[Excerpts from a dataset]
------------------------------------

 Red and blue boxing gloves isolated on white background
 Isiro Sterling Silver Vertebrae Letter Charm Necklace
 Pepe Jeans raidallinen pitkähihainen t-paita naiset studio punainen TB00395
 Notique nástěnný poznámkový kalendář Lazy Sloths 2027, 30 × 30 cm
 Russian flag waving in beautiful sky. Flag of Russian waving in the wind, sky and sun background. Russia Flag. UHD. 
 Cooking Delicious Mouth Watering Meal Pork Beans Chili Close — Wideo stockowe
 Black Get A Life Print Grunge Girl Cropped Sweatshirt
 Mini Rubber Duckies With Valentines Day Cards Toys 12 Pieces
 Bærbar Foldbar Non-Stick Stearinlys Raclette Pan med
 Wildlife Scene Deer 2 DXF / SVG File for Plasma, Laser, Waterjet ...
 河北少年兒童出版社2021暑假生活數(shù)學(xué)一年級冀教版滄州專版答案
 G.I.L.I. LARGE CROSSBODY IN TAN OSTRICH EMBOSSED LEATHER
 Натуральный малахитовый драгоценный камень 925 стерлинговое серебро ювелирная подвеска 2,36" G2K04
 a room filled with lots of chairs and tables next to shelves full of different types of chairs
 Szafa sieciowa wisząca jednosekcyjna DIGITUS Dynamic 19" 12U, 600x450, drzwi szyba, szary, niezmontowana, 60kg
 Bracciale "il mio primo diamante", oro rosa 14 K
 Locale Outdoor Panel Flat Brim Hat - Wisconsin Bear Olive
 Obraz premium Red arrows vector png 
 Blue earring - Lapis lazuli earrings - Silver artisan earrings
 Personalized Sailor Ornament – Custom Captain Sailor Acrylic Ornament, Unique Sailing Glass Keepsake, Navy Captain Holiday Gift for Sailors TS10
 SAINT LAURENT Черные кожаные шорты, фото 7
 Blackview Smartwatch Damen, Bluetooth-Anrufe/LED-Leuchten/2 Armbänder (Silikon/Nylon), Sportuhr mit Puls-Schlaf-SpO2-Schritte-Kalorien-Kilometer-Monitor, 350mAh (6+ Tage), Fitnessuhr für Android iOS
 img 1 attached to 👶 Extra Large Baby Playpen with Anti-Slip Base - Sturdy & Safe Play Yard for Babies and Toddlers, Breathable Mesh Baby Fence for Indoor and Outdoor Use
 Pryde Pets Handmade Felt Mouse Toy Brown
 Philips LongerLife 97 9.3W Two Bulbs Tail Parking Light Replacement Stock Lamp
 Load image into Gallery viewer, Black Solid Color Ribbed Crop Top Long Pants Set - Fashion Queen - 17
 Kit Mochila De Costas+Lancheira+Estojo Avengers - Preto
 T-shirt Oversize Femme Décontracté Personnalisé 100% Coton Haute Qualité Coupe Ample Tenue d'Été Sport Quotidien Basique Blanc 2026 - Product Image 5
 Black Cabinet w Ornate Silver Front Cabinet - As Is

------------------------------------

Each line from the one with "Pryde Pets Handmade Felt Mouse Toy Brown" through the last line of the records must be written out word for word. Include nothing else.

> [Solution to this task]:
 Pryde Pets Handmade Felt Mouse Toy Brown
 Philips LongerLife 97 9.3W Two Bulbs Tail Parking Light Replacement Stock Lamp
 Load image into Gallery viewer, Black Solid Color Ribbed Crop Top Long Pants Set - Fashion Queen - 17
 Kit Mochila De Costas+Lancheira+Estojo Avengers - Preto
 T-shirt Oversize Femme Décontracté Personnalisé 100% Coton Haute Qualité Coupe Ample Tenue d'Été Sport Quotidien Basique Blanc 2026 - Product Image 5
 Black Cabinet w Ornate Silver Front Cabinet - As Is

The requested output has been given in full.